Graduates’ eyes opened by frontline addictions work
Seven Reverend Tommy Beardy Memorial Wee Che He Wayo Gamik Family Treatment Centre staff members have earned Chemical Addictions Worker diplomas from the Nicola Valley Institute of Technology.
“It opened my eyes — I learned lots regarding addictions and alcohol and drugs,” said Muskrat Dam’s Joni Beardy during the August 8 graduation ceremony at the Airlane Hotel and Conference Centre in Thunder Bay. “It just made me see, not to judge, so many people that are stuck in their addictions. So I’m able to understand and see what it does.”
Beardy, a CHR at the treatment centre, also learned “a lot about herself” during the Chemical Addictions Worker program.
“Going through that two-year program, I worked on myself as well,” Beardy said. “So it was good.

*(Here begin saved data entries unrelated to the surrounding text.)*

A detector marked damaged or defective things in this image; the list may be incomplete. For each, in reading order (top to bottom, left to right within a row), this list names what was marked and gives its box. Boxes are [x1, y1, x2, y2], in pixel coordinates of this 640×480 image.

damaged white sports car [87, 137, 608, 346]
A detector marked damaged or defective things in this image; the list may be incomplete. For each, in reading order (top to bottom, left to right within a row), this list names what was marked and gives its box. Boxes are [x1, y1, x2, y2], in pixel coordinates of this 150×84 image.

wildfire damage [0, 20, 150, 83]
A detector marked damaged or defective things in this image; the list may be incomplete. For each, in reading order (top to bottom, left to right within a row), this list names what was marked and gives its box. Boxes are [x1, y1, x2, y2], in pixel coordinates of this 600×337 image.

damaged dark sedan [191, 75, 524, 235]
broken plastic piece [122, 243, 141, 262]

I enjoyed it even though it was a lot of work.”
Beardy plans to continue on with the third year of the Chemical Addictions Worker program, which is recognized with an advanced diploma.
Beardy and the other staff members attended the program during 10 two-week modules over the year between intakes of clients at the treatment centre.

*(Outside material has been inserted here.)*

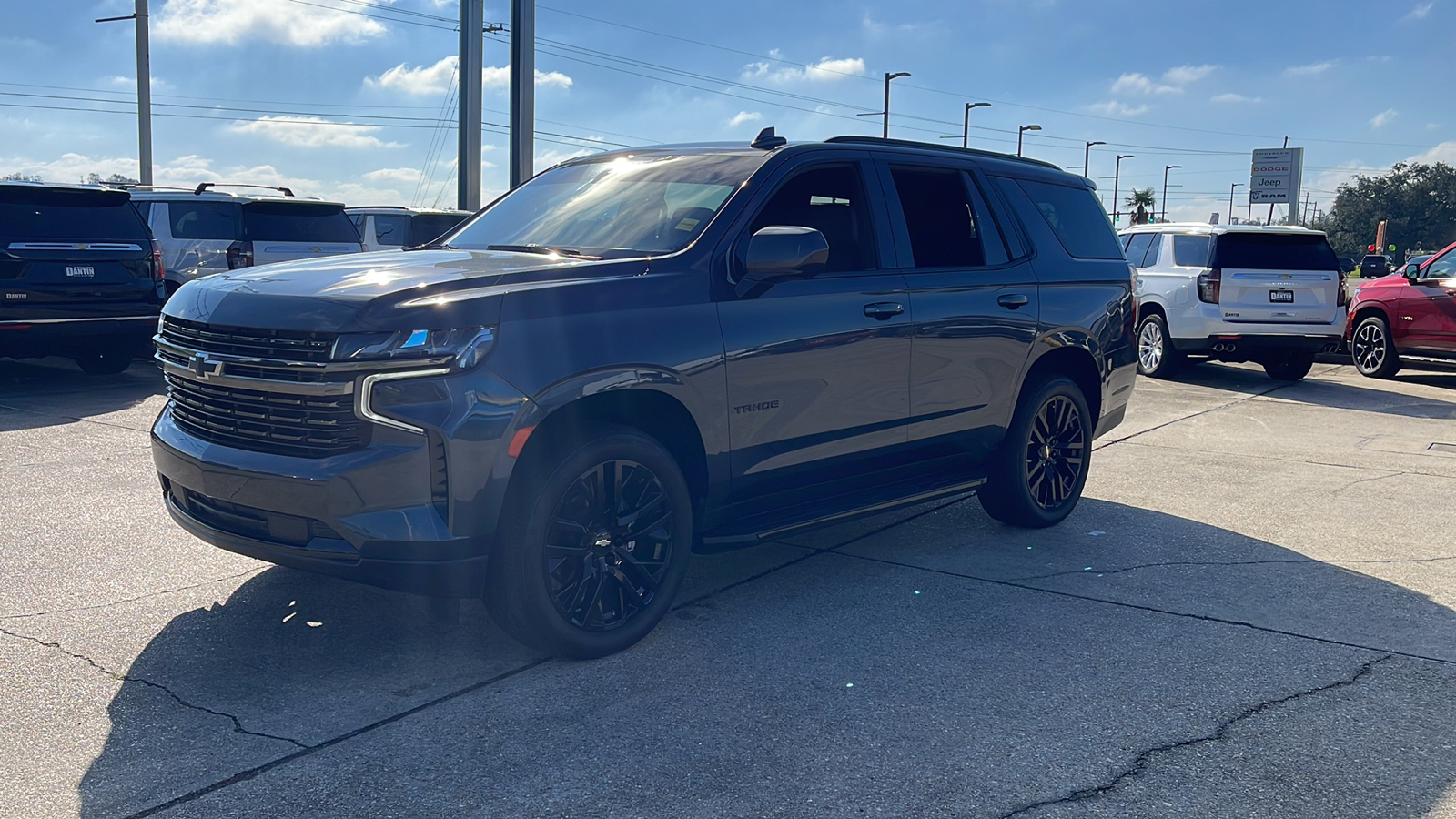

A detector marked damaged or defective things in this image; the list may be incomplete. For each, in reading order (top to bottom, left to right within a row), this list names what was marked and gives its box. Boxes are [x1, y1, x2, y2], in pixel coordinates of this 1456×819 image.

cracked asphalt pavement [3, 354, 1456, 810]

“We finished our second year and it was a lot of work, a lot of time away from people, families,” said Kingfisher’s Verna Aganash. “Even though it was in the community, at the end of the day you were tired, but overall it was great.”

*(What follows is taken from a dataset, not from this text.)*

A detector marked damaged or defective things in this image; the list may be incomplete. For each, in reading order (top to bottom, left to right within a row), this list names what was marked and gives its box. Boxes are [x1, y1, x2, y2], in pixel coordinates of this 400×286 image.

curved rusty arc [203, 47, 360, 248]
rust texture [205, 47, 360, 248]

A tutor who works with children at the treatment centre, Aganash found the knowledge she gained during the two weeks of classes helped her with the next intake of clients.
“You understood more of where they were coming from,” Aganash said.
Aganash is looking forward to the third year of the program as well as continuing on with further post-secondary studies.
“I was thinking of taking Child and Youth Worker at Confederation College,” Aganash said.
The Chemical Addictions Worker program is delivered by a trainer from the Nicola Valley Institute of Technology in British Columbia.
“It’s a unique model where the trainer comes from British Columbia into our community and delivers the program at the community level without any of the students travelling out of the community,” said Roy Thunder, executive director of the treatment centre. “It really works good and the learning has been phenomenal. Their work has really improved immensely.”
Thunder said the program, which is funded by Health Canada, helps staff gain more knowledge about addictions and the work they do at the treatment centre.
“They are able to have a better understanding of their role and responsibilities as addictions workers or specialists,” Thunder said. “It makes their job a whole lot easier in terms of understanding the work that has to be done. They are the front-line workers in the communities, so it really impacts the communities in terms of the help they can provide to the clients that have addictions problems.”
Thunder changed his own life around many years ago by taking addictions treatment.
“I remember sitting down at the Centennial Park in Sioux Lookout with my half-a-bottle of wine and thinking I should continue drinking, but then something hit me telling me it was time to change my life,” Thunder said. “It’s time to help your people and do something for yourself too.”
Thunder received help from Frank Beardy and attended a number of treatment centres before he quit abusing alcohol for good.